Van Schaik’s letter inquiring about Army Capt. Walter “Hutch” Huchthausen sent US businessman and author Robert Edsel on an eight year odyssey to document the history of the little known Netherlands American Cemetery in the village of Margraten near the city of Maastricht. At the end of the Second World War, the cemetery contained the remains of more than 20,000 war dead, most of them Americans and all of them “adopted” by locals in gratitude for their sacrifice in helping to liberate their country from Nazi tyranny. The Netherlands had been under Nazi occupation since May 10, 1940. It was liberated on May 5, 1945.

Edsel, 68, became obsessed with the adoption program and the story of the soldiers buried over the 65-acre burial ground after meeting van Schaik on Memorial Day in 2016, he said.

The book is a testament to the people of the South Limburg region of the Netherlands who helped set up the cemetery and volunteered to honor the dead for the last 80 years. Each “adopted” soldier’s grave has been cared for by multiple generations of the same Dutch family.

“Families are now in their third generation, or fourth,” writes Edsel. “Eighty years later, they write to the children, grandchildren, and extended family members of the fallen.”

“Since spring 1946, when a committee of caring citizens in the small town of Margraten completed its work matching a local ‘adopter’ with every grave in the cemetery, no fallen American has been left without a mourner,” writes Edsel. “This work is not a duty to these thousands of adopters; it is an honor.”

Texas-based Edsel, a former pro tennis player who began his career in the oil and gas sector, is the author of the “The Monuments Men: Allied Heroes, Nazi Thieves and the Greatest Treasure Hunt in History,” which chronicles the work of the Monuments, Fine Arts, and Archives  division of the US Army, tasked with recovering cultural treasures stolen by the Nazis during the war. The book became a 2014 film directed by and starring George Clooney.

Among the “Monuments Men” buried in Margraten was Huchthausen, a 40-year-old professor of architecture at the University of Minnesota. In the spring of 1945, he made several trips to the German city of Aachen, on the border with the Netherlands and Belgium, to assess damage to historic monuments, including the Aachen Cathedral, one of Europe’s oldest churches, which dates to 805.

On April 2, a month before the German surrender, Huchthausen and his driver crossed the Rhine River to investigate the looting of an altarpiece. They unwittingly drove into enemy-controlled territory and came under machine-gun fire. Huchthausen was killed instantly, and his body slumped over his driver, likely saving his life.

In addition to soldiers killed in battle, Edsel also chronicles the men who initially dug thousands of graves by hand “in the drenching rains of 1944” so that the US military could honor the dead where they fell. Most of the gravediggers belonged to the all-black 960th Quartermaster Service Company. They were housed in a drafty fruit warehouse and “mud-caked and exhausted,” writes Edsel.

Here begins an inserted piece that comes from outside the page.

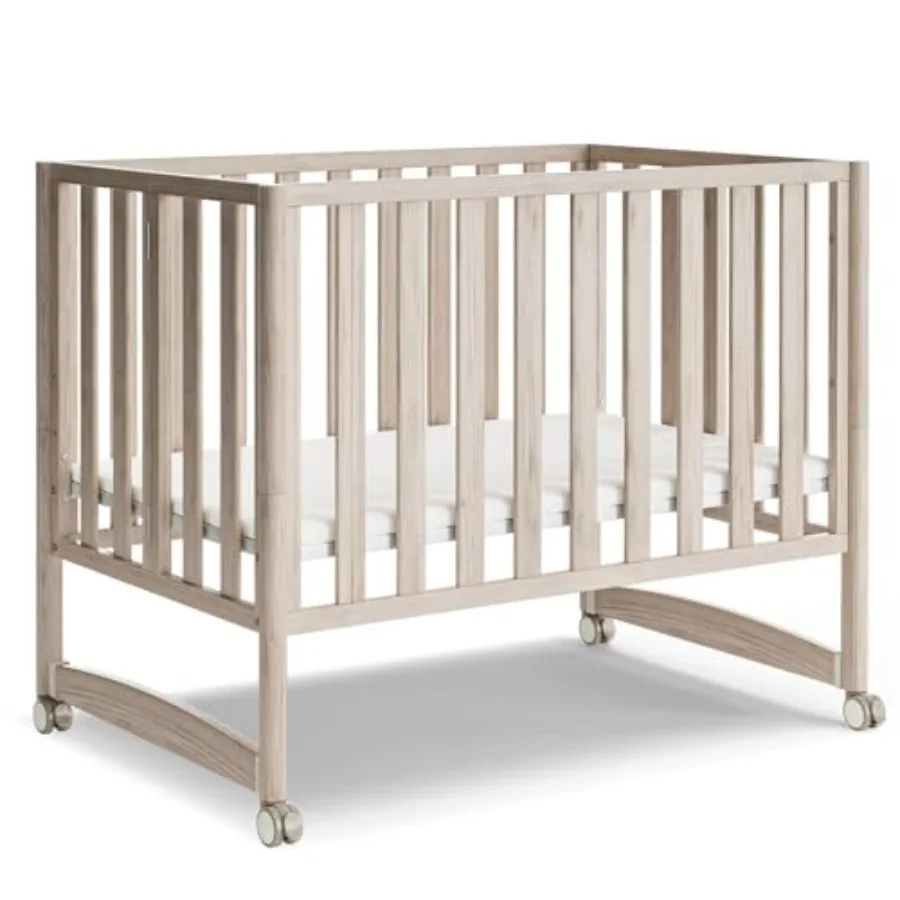 EvoNook 4 in 1 Baby Convertible Mini Crib with Wheels, GREENGUARD Gold Certified, 100% New Zealand Wood, 4 Adjustable Mattress
EvoNook 4 in 1 Baby Convertible Mini Crib with Wheels, GREENGUARD Gold Certified, 100% New Zealand Wood, 4 Adjustable Mattress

Sgt. Jefferson Wiggins from Alabama was one of the 260 black grave diggers at Margraten. In 2009, Wiggins attended the 65th anniversary of the founding of the cemetery, and in his speech noted the irony of fighting for freedom from Nazi persecution but returning to a segregated America.

“During the war, we didn’t often discuss our civil rights,” Wiggins said. “But we certainly did realize that if we . . . were good enough to be sent to France, Belgium and the Netherlands, to liberate the people living there, we also were able to liberate ourselves at home.”

Although the military offered to repatriate the remains of slain American soldiers back to the US, many of their family members decided to leave them at Margraten where there are currently 8,200 American war dead.

In September 1946, when Helen Moore arrived from Georgia to repatriate her son Bill Moore — who was 23-years-old when he was tortured and killed near the Dutch city of Apeldoorn — she was shocked to find a group of 1,200 Dutch mourners gathered in the rain for his memorial service.

She spread red clay from a jar that she had brought from her home near the grave, and she decided that she would leave her son in Margraten among the Dutch residents who appreciated his sacrifice and “honored him and cared for him as any mother could,” Edsel writes.